I suspect there will be compiler warning issues because C library
functions use naked "char".  The workaround will likely to be to use "gcc
-funsigned-char -Wall", or whatever the equiv is on whatever other ANSI
compiler we use.  Note that this is just a warning issue -- not
necessarily a correctness issue.  (Although the library could be whacked.) 

- (PR#76, #679) We use locale-specific functions (isalpha(), isalnum(),
strftime(), and on and on) without setting the locale.  There is a
conflict here between Apache wanting to use some functions in a specific
way (i.e. assuming the "C" locale) and some modules wanting to let the
user do things in their locale of choice (i.e. mod_php).

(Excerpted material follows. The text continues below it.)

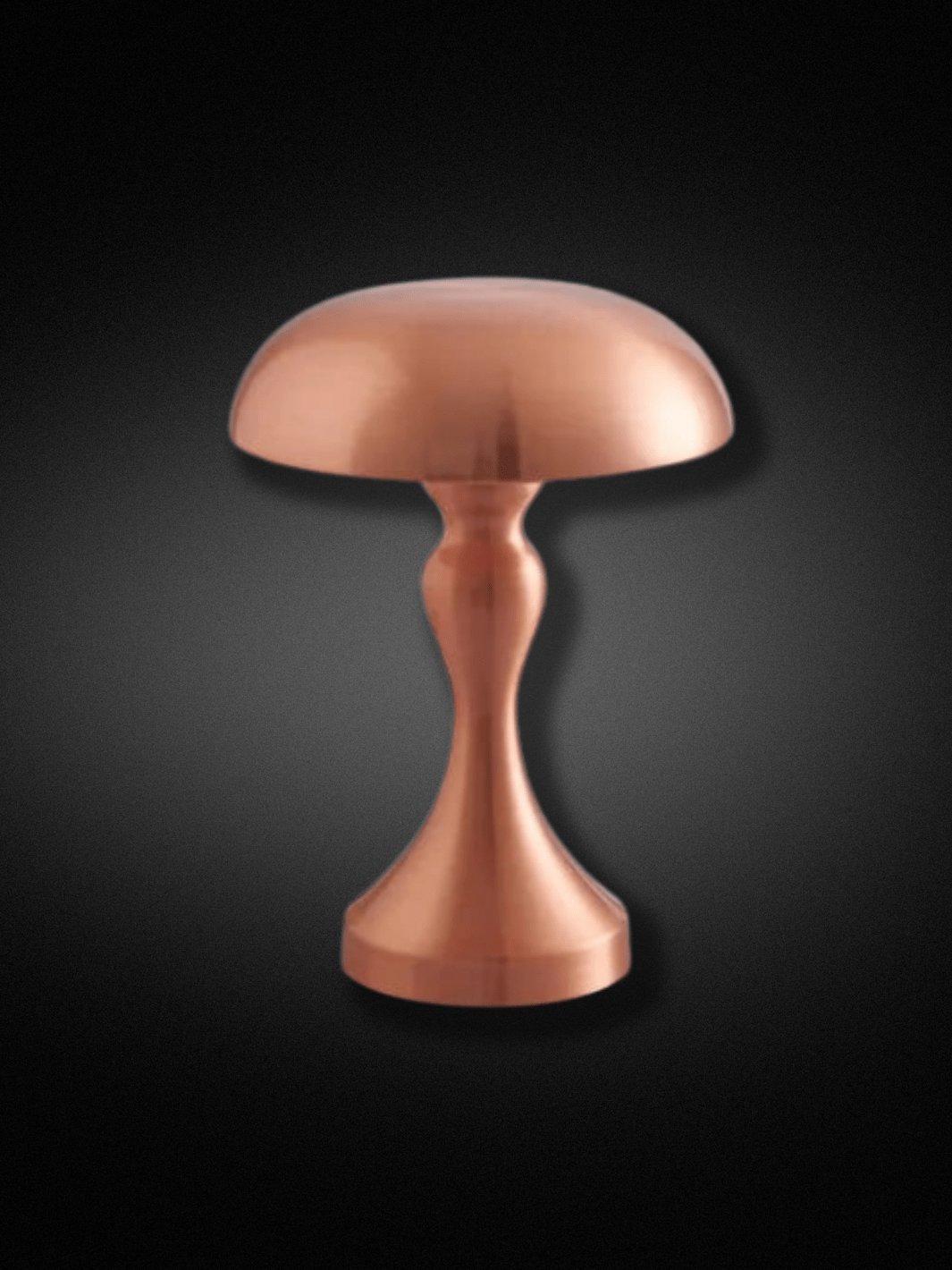 Lampe de Table | Sans Fil B1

A big worry here is that setlocale() is an expensive function.  On
Solaris, for example, it involves reading a file off disk.  So we can't
just switch locales at will.  It's unfortunate, but it's not possible for
a POSIX program to exist in two locales at once.

- (PR#754) struct tm does not include a time zone on all systems, we
assume it does.  It's entirely possible that we'll need our own strftime() 
replacement.

- I'm certain we have assumptions that isalpha(c) is the same as c == 'a'
|| c == 'b' || ... || c == 'z' (and the upper case letters).  When in
truth, isalpha(c) can also be true for various 8-bit characters in most
non-"C" locales.  For example, in "ISO-8859-1", isalpha(192) is TRUE. 
This has to be fixed. 

I'd say that if someone does take this on, they'll have to possibly
maintain this as a patch through 1.x versions into 2.x versions.  The
changes are likely too large to make 1.3.  I would like them to be part of
1.x, but until we see how far reaching they are it's hard to say if we can
fit it into the "schedule".  It's unlikely they can make 1.3.0. 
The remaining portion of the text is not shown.